Every Christmas season, kids around the country delight to find their favorite Elf on the Shelf in different locations each morning. But one household takes the cake for most creative elf placement: In San Francisco, Michele Bell crafts elaborate scenes for her Alfie doll that span everything from current events to pop culture puns.
Armed with a cadre of Barbie dolls and plenty of felt, Bell dreams up complicated scenarios each night from Thanksgiving to Christmas for her children to discover when they wake up — and for fans to discover when they check her Instagram. This season’s dioramas include depictions of Alfie catching Pokémon (immediately recognizable to her kids, aged 5, 8 and 10) and visiting Cuba in honor of Fidel Castro (which required some explanation).

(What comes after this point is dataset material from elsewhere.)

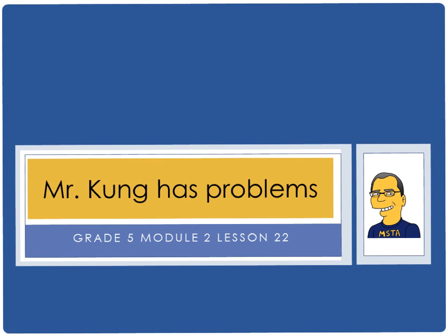Hello, and welcome to another episode of Mr. Kung Has Problems. Tonight, in Grade 5, in Module 2, in Lesson Number 22, we are doing more division.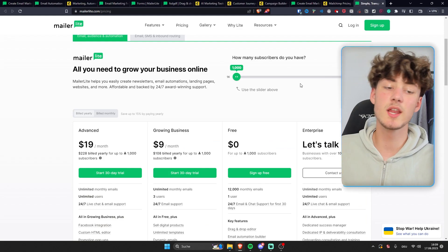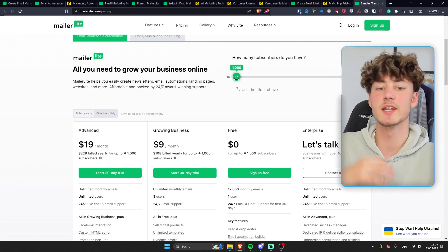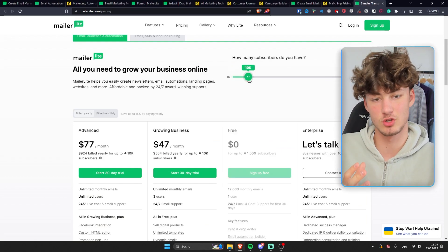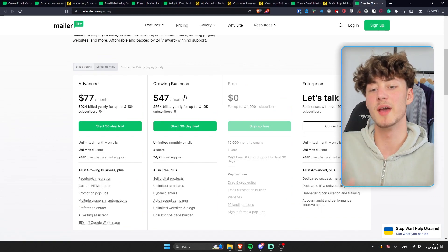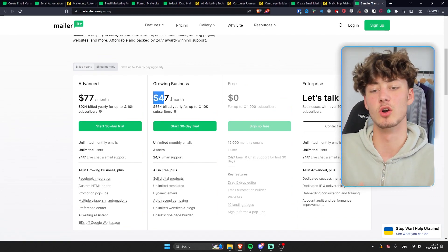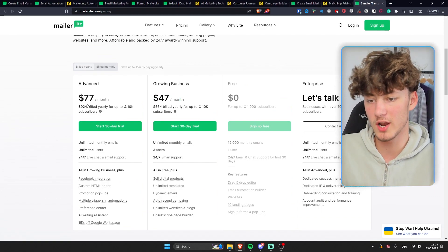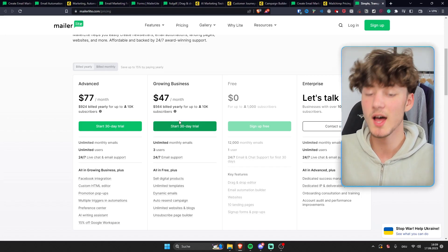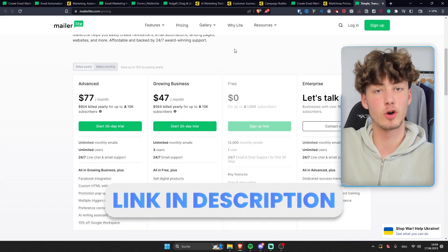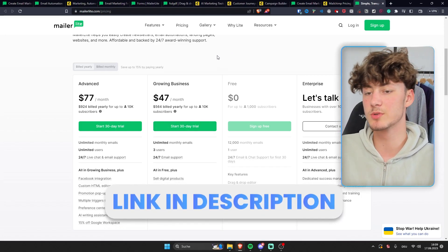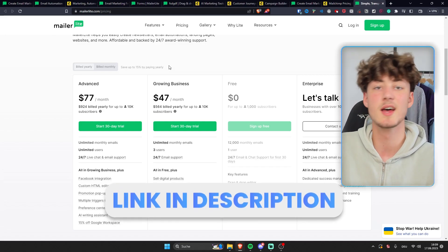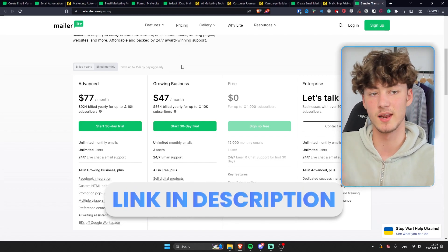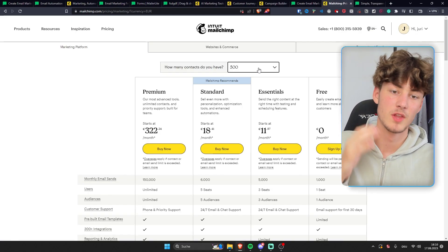Now, let's quickly compare the pricing. Let's, for example, say that you have 10,000 contacts. That would mean that on MailerLite, you would have to pay either $47 or $77 per month. However, I will leave you a link for a 30-day free trial in the description down below, which will allow you to just test out MailerLite for free for 30 days.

“The kids really, really love it,” Bell tells TIME. Typically she comes up with the scene the night before, often reacting to the news. If ideas come to her during the year, she says, she’ll write them on a list “almost like insurance. But I rarely use it.”

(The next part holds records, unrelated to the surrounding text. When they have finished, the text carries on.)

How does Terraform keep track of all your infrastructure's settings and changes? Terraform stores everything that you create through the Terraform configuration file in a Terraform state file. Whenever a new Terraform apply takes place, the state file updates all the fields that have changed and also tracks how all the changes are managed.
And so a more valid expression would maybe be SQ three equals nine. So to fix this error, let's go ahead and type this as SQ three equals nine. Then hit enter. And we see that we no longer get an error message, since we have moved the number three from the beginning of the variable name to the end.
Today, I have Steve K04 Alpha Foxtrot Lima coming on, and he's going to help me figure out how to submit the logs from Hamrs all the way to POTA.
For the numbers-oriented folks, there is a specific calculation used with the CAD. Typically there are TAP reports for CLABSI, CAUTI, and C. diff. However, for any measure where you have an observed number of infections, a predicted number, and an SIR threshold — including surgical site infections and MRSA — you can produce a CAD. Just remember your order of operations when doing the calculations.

One scene last week involved some unpacking: Alfie appeared in a green Masters jacket as Arnold Palmer, standing between Ice-T and Beyoncé in a Lemonade costume. “My daughter said, ‘Oh look, I think it’s Donald Trump and Melania and Obama,'” Bell says. “I said, ‘What’s my favorite drink? I always drink it, especially in the summer, what do you get when you mix lemonade and iced tea together?’ And she’s like, ‘A margarita?'” Eventually, her 10-year-old — who still believes in the magic of Alfie — understood the recipe.
Bell actually created the first Alfie scene of 2016 over the summer — a tradition she’s carried out every June 25th, the halfway point between each Christmas. Her kids accidentally stumbled upon the doll’s storage spot one year and she invented an excuse for why he was visiting that day. This year, she showed Alfie in the act of Brexiting.
To kick off the holiday season proper, Bell created a tableau of a community under the phrase “Do all the good you can,” with Alfie appearing in a pantsuit beside Hillary Clinton. “This election, as probably almost everybody in this country will admit, was a tough one no matter which way you look at it,” she says. “For our family we wanted Hillary to win, and it was actually my daughter’s birthday November 9th, and she was crying. It was just a rough go. We live in San Francisco, and nine out of 10 people voted for her here. I didn’t want to get political, but I also thought I needed to somehow react to it.”
“That was my way of saying it doesn’t really matter who won actually, but the best thing we can do is be good to each other,” Bell says. “I really do feel like that’s the whole spirit of the season.”